Evo, činim nešto novo; već nastaje. Zar ne opažate? Da, put ću napraviti u pustinji, a staze u pustoši.
20 De wilde beesten zullen Mij loven, Jakhalzen en struisen: Want Ik breng water in de woestijn, En in de wildernis stromen, Om mijn uitverkoren volk te drenken,
Slavit će me divlje zvijeri, čaglji i nojevi, jer vodu ću stvorit' u pustinji, rijeke u stepi, da napojim svoj narod, izabranika svoga.
21 Het volk dat Ik Mij vormde, en dat mijn lof zal verkonden!
I narod koji sam sebi sazdao moju će kazivati hvalu!
22 Toch Jakob, hebt ge Mij niet aangeroepen, Israël, u om Mij niet bekommerd;
Ali me ti, Jakove, nisi zazvao, niti si se zamorio oko mene, Izraele!
23 Gij hebt Mij geen schapen ten offer gebracht, Met uw slachtoffers Mij niet geëerd; Met spijsoffers ben Ik u niet lastig gevallen, Om wierook plaagde Ik u niet!
Nisi mi prinosio ovce za paljenicu, nisi me častio žrtvama. A ja te silio nisam na prinose, nisam ti dodijavao ištući kada.

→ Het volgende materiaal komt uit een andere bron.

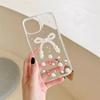 Applicable To iPhone14promax Mobile Phone Case Apple 15ins Wind Pearl Bow 16 Protective Case 13/17 Women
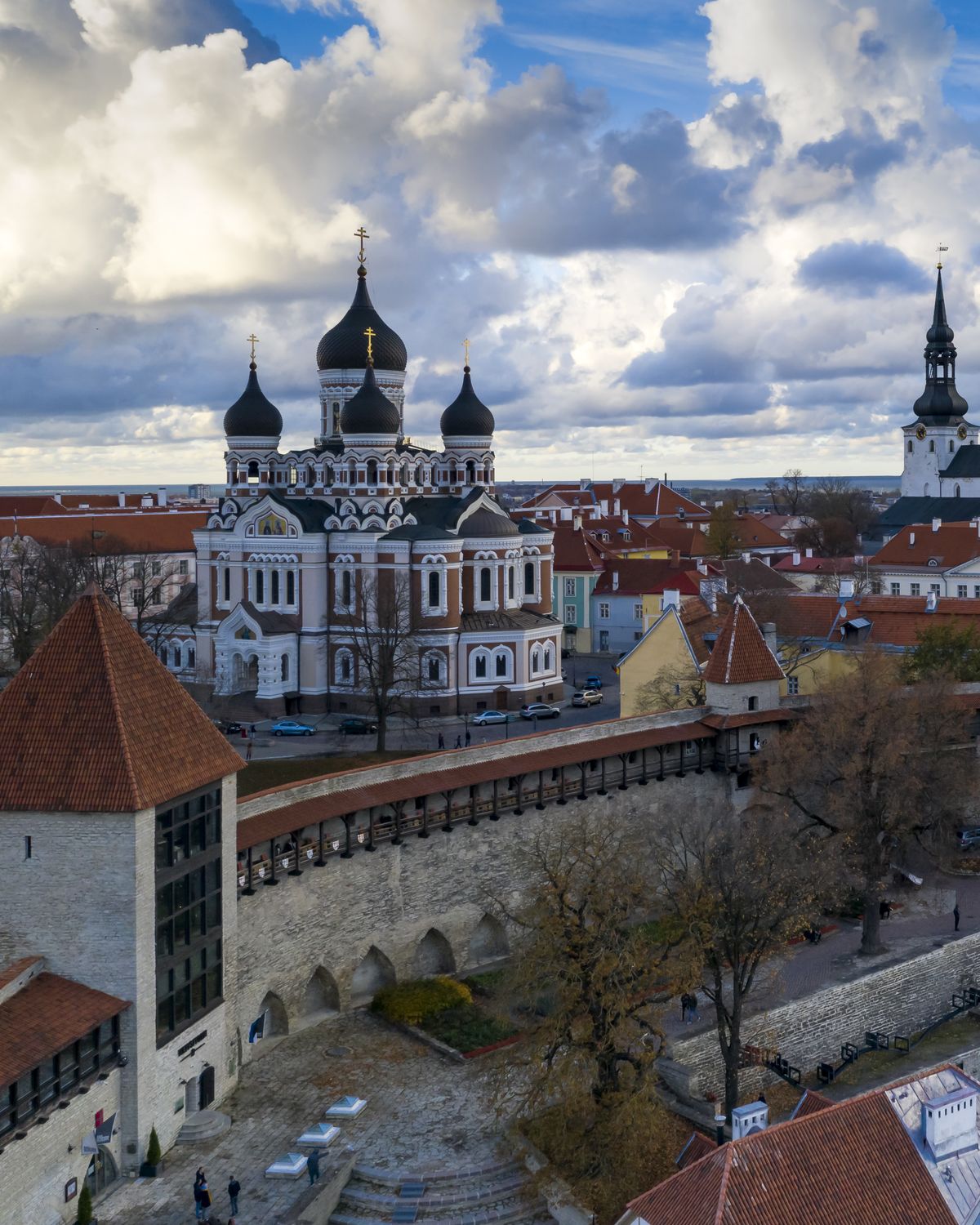 Tallinn Old Town from the air: the town wall, Toompea and the Alexander Nevsky Cathedral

24 Ge hebt Mij geen reukwerk gekocht met uw geld, Mij niet met het vet van uw offers verzadigd: Met uw zonden zijt ge Mij lastig gevallen, Met uw misdaden hebt ge Mij geplaagd!
Nisi mi kupovao za novac trsku, nisi me sitio salom svojih žrtava; nego si me grijesima svojim mučio, bezakonjem svojim dosađivao mi.
25 Neen, Ik, Ikzelf delg uw misdaden uit, Uit eigen beweging gedenk Ik uw zonden niet meer!
A ja, ja radi sebe opačine tvoje brišem i grijeha se tvojih ne spominjem.
26 Kom mijn geheugen te hulp, en laat ons pleiten tegen elkaar; Spreek op, zo gij u rechtvaardigen wilt!
Podsjeti me, zajedno se sporimo, govori ti da se opravdaš.
27 Uw eerste vader heeft tegen Mij al gezondigd, En uw leiders waren Mij ontrouw!
Prvi je otac tvoj sagriješio, posrednici tvoji od mene se odmetnuli,
28 Daarom heb Ik de heilige vorsten onteerd, Jakob met banvloek, Israël met schande geslagen!
knezovi su tvoji oskvrnuli Svetište. Tad izručih Jakova prokletstvu, i poruzi Izraela.